The Two-Week Design Loop
Possibly the most impressive claim from the AUSA presentation: Aevex runs a two-week design cycle. Every two weeks, they evaluate combat data from Ukraine, identify needed improvements, modify the design, and push updated versions into production.
Two weeks. Traditional defence programmes measure design cycles in months or years. Aevex is doing it in 14 days.

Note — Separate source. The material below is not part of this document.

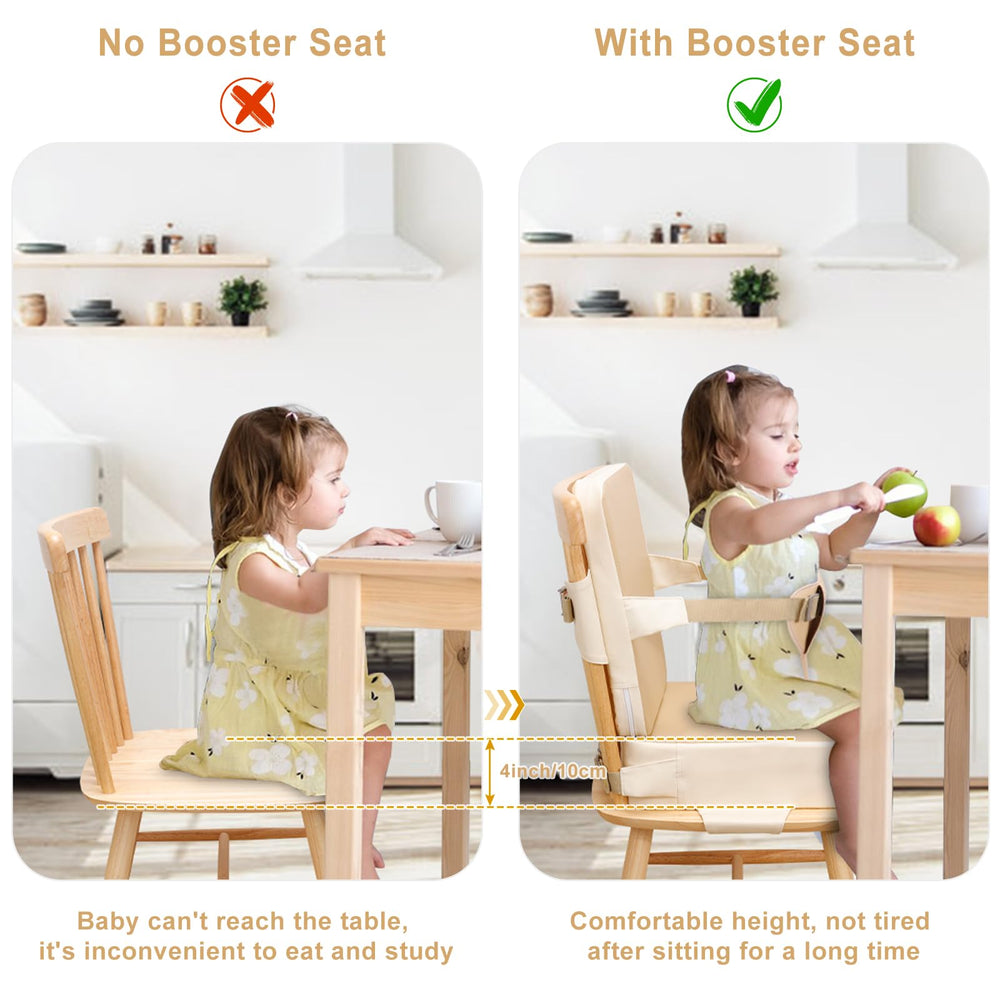 TOTIDYH booster seat with non-slip bottom helps prevent slides on kitchen chairs.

This works because the airframes are relatively simple (fixed-wing drones with electric or small IC engines, commercial-grade electronics, modular payloads), because Ukrainian operators provide direct feedback on what works and what doesn't, and because the production method appears to use rapid prototyping and small-batch manufacturing that can absorb design changes without requiring the kind of recertification and retooling that a mass-production system like Switchblade's demands.
The Secrecy Question
Two and a half years of silence. That's how long the Phoenix Ghost existed in public as nothing more than a name. Pentagon spokesman John Kirby first mentioned it on April 21, 2022, saying it was built by Aevex Aerospace with Air Force support to address Ukrainian battlefield needs. He declined to give specs, photos, or basically anything else. After that, the programme appeared on security assistance fact sheets alongside Switchblades and Javelins, but no photograph, no specification, no operator footage ever surfaced. Defence analysts pieced together fragments from patent filings, job postings, corporate press releases, satellite imagery of Aevex facilities. That was it.
The operational security benefit was real. Every other Western drone sent to Ukraine got immediately studied by Russian intelligence. The Switchblade, the Bayraktar, the HIMARS-launched GMLRS, all publicly known, all analysable. The Phoenix Ghost avoided that exposure entirely.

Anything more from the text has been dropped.